Fixed antennas, such as VHF/UHF verticals, should be mounted in line with the mast when possible, rather than offset with a side mount bracket, to help reducing bending of lighter masts. Some such antennas have the feedpoint connector inside the bottom sleeve of the antenna. I solved this problem for my ground plane antennas by using the same sort of bushing as for rotating antennas, but using a 3-way “T” connector instead of a straight splice. This permits the coax to run down inside the pipe that mounts the antenna, and out through the side hole in the T, while the bottom slips inside the mast. This is easier than trying to run the coax all the way down inside the mast, especially with the way I put up sectional masts.

guy rope attachment

I generally just tie the guy ropes to my masts, but many hams prefer to use guy rings or other fittings to do so. In some cases, this can permit the whole mast to be rotated while the guys remain fixed.

Sample guy rings for sectional or telescoping masts. 5 holes permit using either 3 or 4 guy ropes.

The following photo shows two ways of tying the guy ropes to the mast: on the left, for dedicated guy ropes, I tie a loop in the end that is just large enough to fit over the top of the joint, but not over the main part of the mast. This requires several tries to get the size just right. On the right, the middle of a longer rope (red and white) is tied to the mast with a clove hitch, with the third guy (yellow) tied to the resulting loop.

mast mounts

Sometimes it isn’t practical, or desirable, to use guy ropes to hold up a mast. This may not be a problem for a permanent installation, but short-term portable operation may require something simple and quick. The easiest approach, of course, often is to secure the mast to a sign post, fence, or other existing object using bungee cords, rope, straps, tie wraps, or duct tape. Other times I have simply leaned the mast against the side of a building or tree.

Various types of tripods are commonly used to hold portable masts. A tall mast (especially with any sort of wind loading on top, like a VHF beam) can generate a lot of leverage, so the tripod may require extra weights and/or extensions on the legs to keep it from falling over. Those designed for cameras may be too light, while those for mounting speakers or other large items. I have some of the tripods designed for roof mounting of TV antennas, and these often will require that the feet be bolted to longer horizontal boards for masts more than about 6 m (20 ft) high, depending on conditions.
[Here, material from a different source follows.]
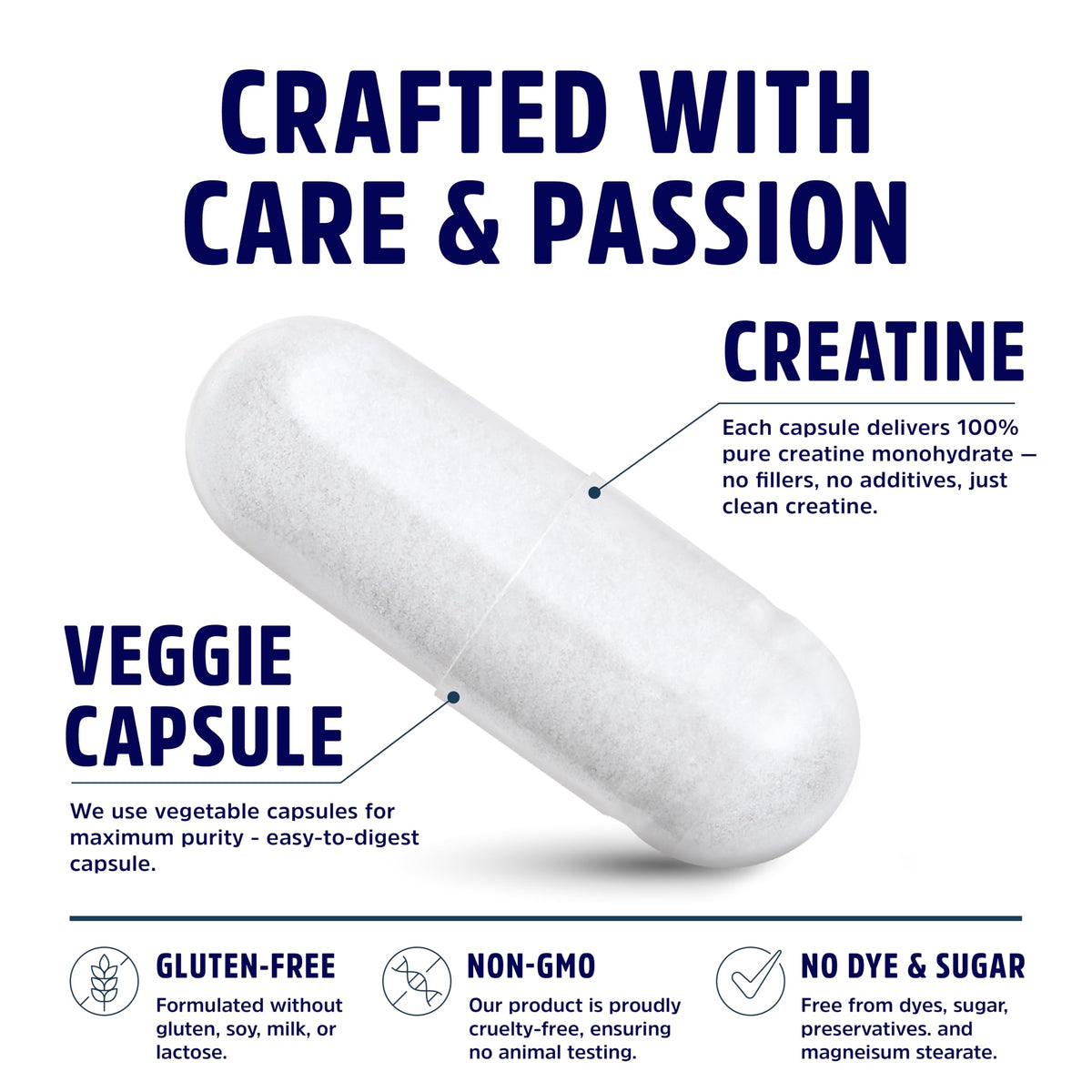 Micronized Creatine Monohydrate Capsules 5G J591520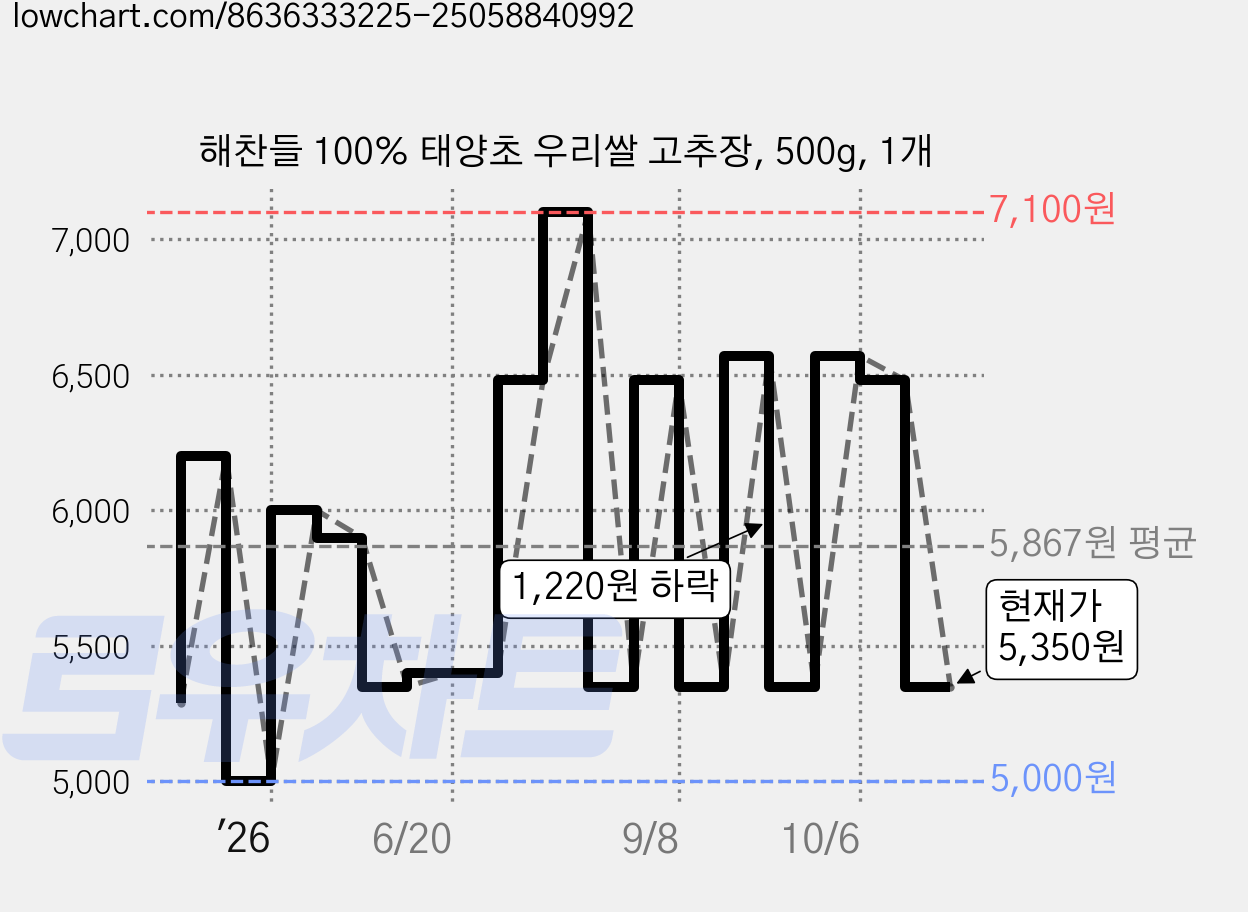해찬들 100% 태양초 우리쌀 고추장, 500g, 1개 가격 변동 차트, 현재가 5,350원, 관측 최저가 5,000원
Another common portable approach is a “drive-on mount”, where one tire of a vehicle is used to hold a mount in place. The mount can have a piece of pipe that fits inside the mast or around the outside, or a vertical leg that the mast can be attached to using bungee cords or straps. Again, there can be a lot of force at the base, depending on the height and loading of the mast, and the mount (and the mast) must be able to withstand this.

Perhaps the simplest drive-on mount uses a “floor flange” mounted to a piece of wood, with a length of pipe screwed into it. The pipe should be sized to slip inside or outside of the mast you plan to use it with. Again, the stresses on the mount can be high if the mast is free-standing, and using bolts through the board with washers on the back side would be stronger than standard wood screws.